«Quando esistono delle problematiche è necessario farle emergere e risolverle immediatamente». Ne è convinto il presidente del Tribunale di Isernia Vincenzo Di Giacomo al lavoro per trovare soluzioni in grado di fare fronte alla criticità che in questi giorni si sta registrando a Palazzo di Giustizia, legata alla presenza di gas radon accertata dall’Arpa Molise nei locali che ospitano l’archivio.
Per questo ieri mattina si è tenuto un nuovo summit, al termine del quale si è deciso che le stanze del piano seminterrato resteranno ancora interdette al pubblico, fino a quando non si stabilirà il da farsi.
Al vertice hanno partecipato tecnici e geologi insieme a esponenti delle organizzazioni sindacali.
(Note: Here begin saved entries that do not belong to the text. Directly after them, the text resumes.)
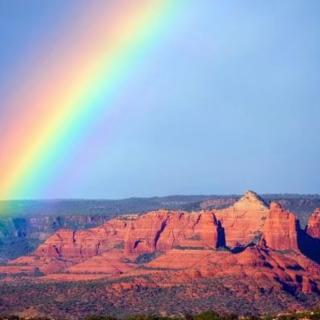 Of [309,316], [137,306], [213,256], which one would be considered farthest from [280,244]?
[309,316]

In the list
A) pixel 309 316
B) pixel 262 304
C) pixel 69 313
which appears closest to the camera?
pixel 309 316

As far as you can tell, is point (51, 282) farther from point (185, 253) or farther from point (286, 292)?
point (286, 292)

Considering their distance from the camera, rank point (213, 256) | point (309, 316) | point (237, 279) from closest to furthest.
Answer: point (309, 316)
point (237, 279)
point (213, 256)

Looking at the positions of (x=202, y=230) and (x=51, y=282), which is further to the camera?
(x=202, y=230)

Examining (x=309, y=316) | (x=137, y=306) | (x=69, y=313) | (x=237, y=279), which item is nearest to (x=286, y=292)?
(x=237, y=279)

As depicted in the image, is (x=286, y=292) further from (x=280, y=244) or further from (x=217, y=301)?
(x=280, y=244)

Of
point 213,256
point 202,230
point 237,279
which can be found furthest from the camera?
point 202,230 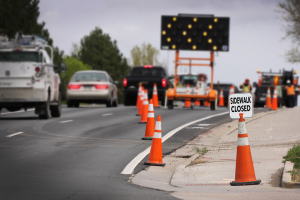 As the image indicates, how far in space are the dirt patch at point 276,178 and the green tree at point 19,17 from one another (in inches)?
1609

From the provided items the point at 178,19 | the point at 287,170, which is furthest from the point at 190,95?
the point at 287,170

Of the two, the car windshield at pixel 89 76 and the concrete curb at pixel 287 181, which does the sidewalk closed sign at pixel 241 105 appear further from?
the car windshield at pixel 89 76

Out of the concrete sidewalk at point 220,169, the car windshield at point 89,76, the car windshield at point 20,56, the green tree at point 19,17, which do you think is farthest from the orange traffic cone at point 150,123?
the green tree at point 19,17

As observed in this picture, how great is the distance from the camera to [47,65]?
63.0 feet

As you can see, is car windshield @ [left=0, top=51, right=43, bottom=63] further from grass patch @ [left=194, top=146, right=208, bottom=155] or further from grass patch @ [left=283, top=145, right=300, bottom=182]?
grass patch @ [left=283, top=145, right=300, bottom=182]

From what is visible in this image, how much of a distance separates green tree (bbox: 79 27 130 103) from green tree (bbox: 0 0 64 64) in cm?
3235

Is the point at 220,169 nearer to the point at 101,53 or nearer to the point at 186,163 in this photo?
the point at 186,163

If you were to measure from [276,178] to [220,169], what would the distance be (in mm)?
1189

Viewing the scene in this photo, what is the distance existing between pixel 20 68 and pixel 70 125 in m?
Result: 2.80

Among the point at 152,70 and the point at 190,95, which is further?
the point at 152,70

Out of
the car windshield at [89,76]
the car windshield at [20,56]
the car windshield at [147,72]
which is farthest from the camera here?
the car windshield at [147,72]

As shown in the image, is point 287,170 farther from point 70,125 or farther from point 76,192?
point 70,125

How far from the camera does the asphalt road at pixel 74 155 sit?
7.86 meters

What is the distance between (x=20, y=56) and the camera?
62.4 feet
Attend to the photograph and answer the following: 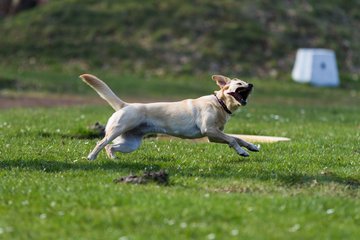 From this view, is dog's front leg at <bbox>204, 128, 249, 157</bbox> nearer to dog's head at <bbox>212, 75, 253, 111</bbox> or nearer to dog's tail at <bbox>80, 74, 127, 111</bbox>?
dog's head at <bbox>212, 75, 253, 111</bbox>

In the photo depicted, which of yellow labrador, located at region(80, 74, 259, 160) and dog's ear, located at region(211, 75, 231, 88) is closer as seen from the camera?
yellow labrador, located at region(80, 74, 259, 160)

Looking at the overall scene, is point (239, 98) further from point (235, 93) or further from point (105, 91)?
point (105, 91)

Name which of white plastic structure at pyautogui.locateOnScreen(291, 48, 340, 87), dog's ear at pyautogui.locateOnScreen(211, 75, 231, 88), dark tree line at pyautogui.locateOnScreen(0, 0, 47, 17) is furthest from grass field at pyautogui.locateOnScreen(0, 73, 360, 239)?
dark tree line at pyautogui.locateOnScreen(0, 0, 47, 17)

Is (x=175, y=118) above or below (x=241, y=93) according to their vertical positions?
below

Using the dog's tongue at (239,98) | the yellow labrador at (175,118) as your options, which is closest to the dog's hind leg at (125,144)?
the yellow labrador at (175,118)

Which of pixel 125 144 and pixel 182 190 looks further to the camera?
pixel 125 144

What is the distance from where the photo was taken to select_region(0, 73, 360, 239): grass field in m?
7.08

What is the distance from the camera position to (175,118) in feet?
36.7

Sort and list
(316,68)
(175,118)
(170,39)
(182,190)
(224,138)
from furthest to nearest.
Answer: (170,39) → (316,68) → (175,118) → (224,138) → (182,190)

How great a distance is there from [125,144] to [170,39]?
26626mm

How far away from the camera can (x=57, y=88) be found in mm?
31109

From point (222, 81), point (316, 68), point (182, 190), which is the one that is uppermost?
point (222, 81)

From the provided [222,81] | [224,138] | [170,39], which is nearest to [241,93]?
[222,81]

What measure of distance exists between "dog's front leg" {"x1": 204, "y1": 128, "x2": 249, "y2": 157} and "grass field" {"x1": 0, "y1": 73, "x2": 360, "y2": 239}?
18 cm
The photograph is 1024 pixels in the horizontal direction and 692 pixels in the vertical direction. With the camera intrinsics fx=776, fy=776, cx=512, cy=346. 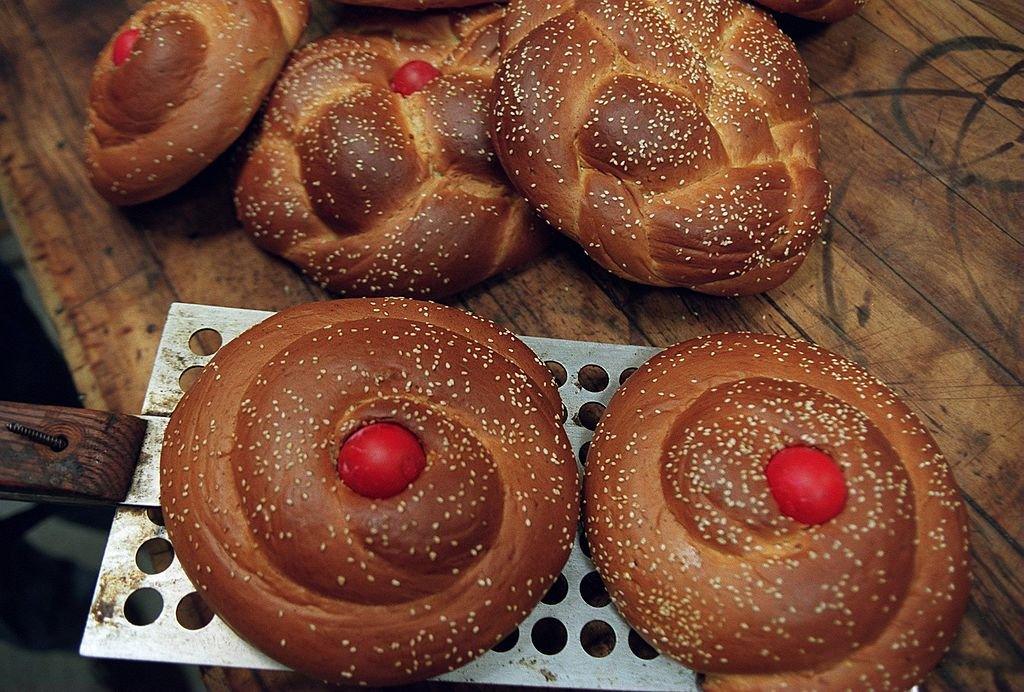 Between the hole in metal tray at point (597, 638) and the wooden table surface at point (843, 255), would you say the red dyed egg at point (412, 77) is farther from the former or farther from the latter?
the hole in metal tray at point (597, 638)

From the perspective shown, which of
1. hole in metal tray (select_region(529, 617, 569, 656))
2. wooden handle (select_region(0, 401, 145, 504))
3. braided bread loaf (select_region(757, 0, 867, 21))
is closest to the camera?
wooden handle (select_region(0, 401, 145, 504))

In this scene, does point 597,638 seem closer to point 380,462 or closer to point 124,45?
point 380,462

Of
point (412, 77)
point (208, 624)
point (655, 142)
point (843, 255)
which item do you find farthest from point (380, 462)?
point (843, 255)

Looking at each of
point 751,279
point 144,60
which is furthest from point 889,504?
point 144,60

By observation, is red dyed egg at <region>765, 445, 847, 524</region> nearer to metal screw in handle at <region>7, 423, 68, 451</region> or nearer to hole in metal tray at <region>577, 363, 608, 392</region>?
hole in metal tray at <region>577, 363, 608, 392</region>

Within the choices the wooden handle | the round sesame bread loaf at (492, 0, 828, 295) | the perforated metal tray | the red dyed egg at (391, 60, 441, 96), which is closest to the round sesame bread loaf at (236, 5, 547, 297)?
the red dyed egg at (391, 60, 441, 96)

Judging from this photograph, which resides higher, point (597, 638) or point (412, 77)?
point (412, 77)

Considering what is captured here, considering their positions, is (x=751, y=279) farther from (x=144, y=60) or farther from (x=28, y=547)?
(x=28, y=547) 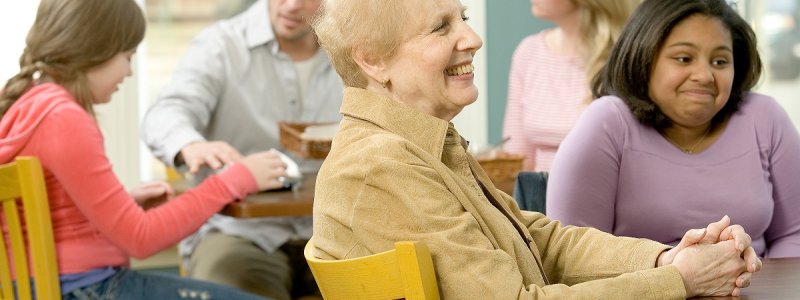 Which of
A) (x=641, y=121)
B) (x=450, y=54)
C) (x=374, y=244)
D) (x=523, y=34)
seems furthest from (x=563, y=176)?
(x=523, y=34)

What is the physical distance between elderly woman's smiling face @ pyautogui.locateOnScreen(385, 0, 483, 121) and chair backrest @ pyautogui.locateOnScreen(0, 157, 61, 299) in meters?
0.98

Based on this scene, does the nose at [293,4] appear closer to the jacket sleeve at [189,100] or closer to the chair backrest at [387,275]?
the jacket sleeve at [189,100]

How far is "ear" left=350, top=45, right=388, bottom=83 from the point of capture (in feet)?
5.78

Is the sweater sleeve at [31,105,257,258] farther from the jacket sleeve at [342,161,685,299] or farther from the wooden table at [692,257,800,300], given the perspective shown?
the wooden table at [692,257,800,300]

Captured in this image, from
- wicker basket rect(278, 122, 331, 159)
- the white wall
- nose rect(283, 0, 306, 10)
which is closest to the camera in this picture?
wicker basket rect(278, 122, 331, 159)

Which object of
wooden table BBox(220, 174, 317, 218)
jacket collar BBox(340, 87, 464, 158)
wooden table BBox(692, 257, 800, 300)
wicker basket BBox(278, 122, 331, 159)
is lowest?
wooden table BBox(220, 174, 317, 218)

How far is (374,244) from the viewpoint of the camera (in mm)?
1567

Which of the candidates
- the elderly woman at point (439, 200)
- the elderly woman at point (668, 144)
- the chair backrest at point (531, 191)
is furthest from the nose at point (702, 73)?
the elderly woman at point (439, 200)

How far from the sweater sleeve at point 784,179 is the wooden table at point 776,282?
21.9 inches

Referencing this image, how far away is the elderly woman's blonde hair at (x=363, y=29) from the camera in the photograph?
5.72ft

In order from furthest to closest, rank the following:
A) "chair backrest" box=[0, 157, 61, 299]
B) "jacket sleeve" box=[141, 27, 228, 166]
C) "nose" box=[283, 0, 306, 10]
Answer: "nose" box=[283, 0, 306, 10] < "jacket sleeve" box=[141, 27, 228, 166] < "chair backrest" box=[0, 157, 61, 299]

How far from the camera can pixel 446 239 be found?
155 centimetres

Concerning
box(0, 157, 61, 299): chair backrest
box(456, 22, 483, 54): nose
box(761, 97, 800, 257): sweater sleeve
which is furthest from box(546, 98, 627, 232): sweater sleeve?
box(0, 157, 61, 299): chair backrest

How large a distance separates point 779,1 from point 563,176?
105 inches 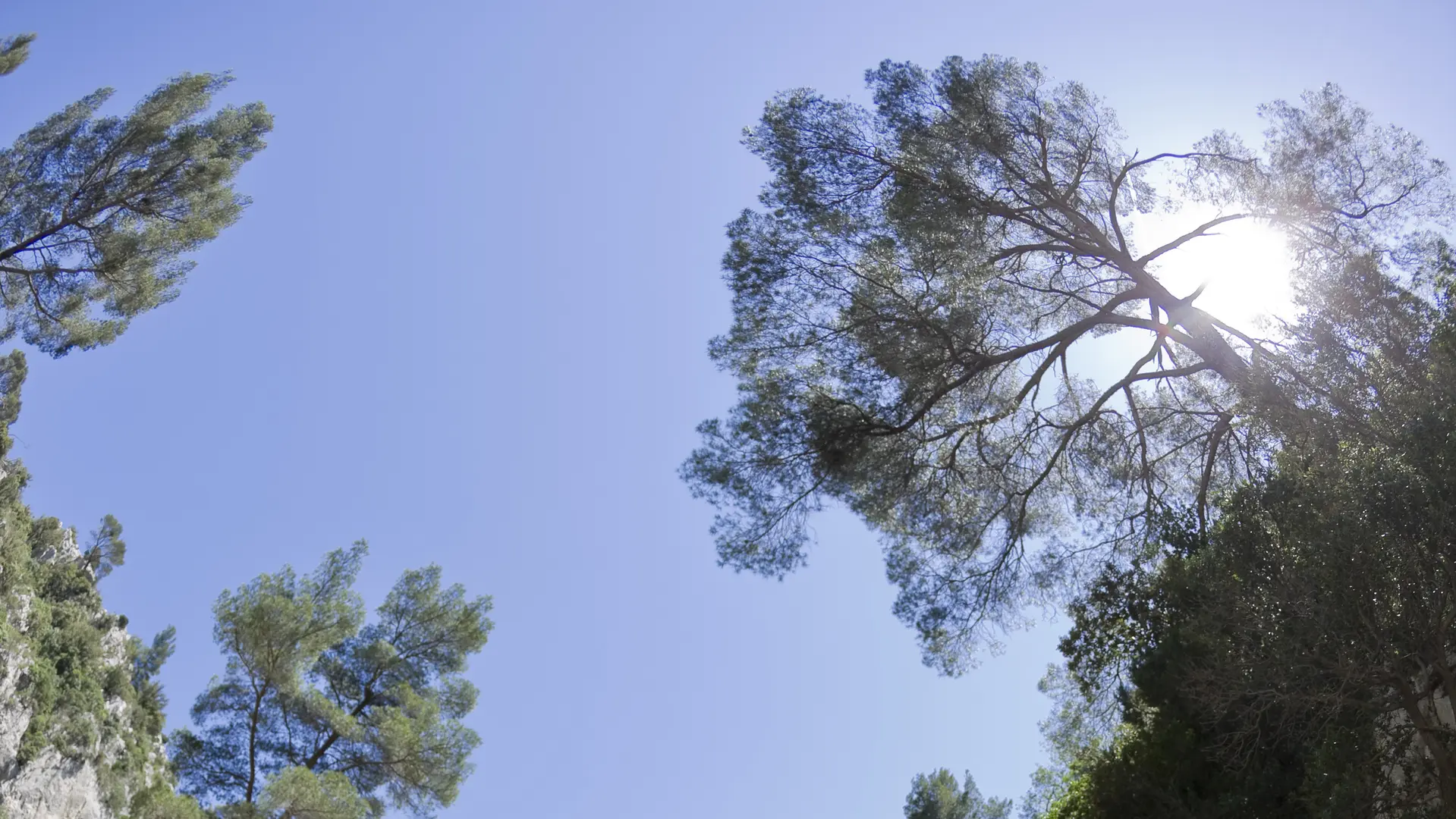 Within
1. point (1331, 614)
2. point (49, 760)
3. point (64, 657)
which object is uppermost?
point (64, 657)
Tra loro Vincenzo Giovine, vicepresidente e coordinatore della Commissione Ambiente del Consiglio nazionale dei geologi, considerato uno dei massimi esperti in Italia in materia di radon. «In primo luogo – ha affermato – occorre conoscere la natura e la struttura del problema che è sorto. Come in tutte le situazioni esistono dei sistemi anche relativamente semplici per poter abbattere i livelli del gas radon. Si tratta in sostanza di sistemi di aspirazione o di pressurizzazione, che eviti la risalita del gas direttamente dal terreno. È chiaro – ha poi evidenziato – che occorre avere una buona conoscenza della situazione, attraverso un monitoraggio che possa permettere di verificare in quali punti c’è maggiore concentrazione di radon. Poi, attraverso una buona conoscenza del fabbricato, è possibile con interventi mirati dissipare il gas e riportarlo al di sotto delle soglie di sicurezza». Il geologo molisano Domenico Angelone, tesoriere dell’Ordine, ha invece spiegato perché il radon può rappresentare un pericolo serio per la salute. «Si tratta di un gas nobile presente nelle rocce – ha affermato -. In alcune situazioni geologiche particolari può essere rilasciato dai terreni, interessando le strutture in genere nei piani più bassi. I problemi connessi alla salute sono legati alla sua attività di gas radiogenico, quindi una esposizione prolungata a questo gas può portare problemi, anche seri, di tipo respiratorio. Va precisato che l’incidenza dell’insorgenza di queste malattie è legata al periodo di esposizione. Nei luoghi frequentati una tantum il problema non è così grave e può essere facilmente superato».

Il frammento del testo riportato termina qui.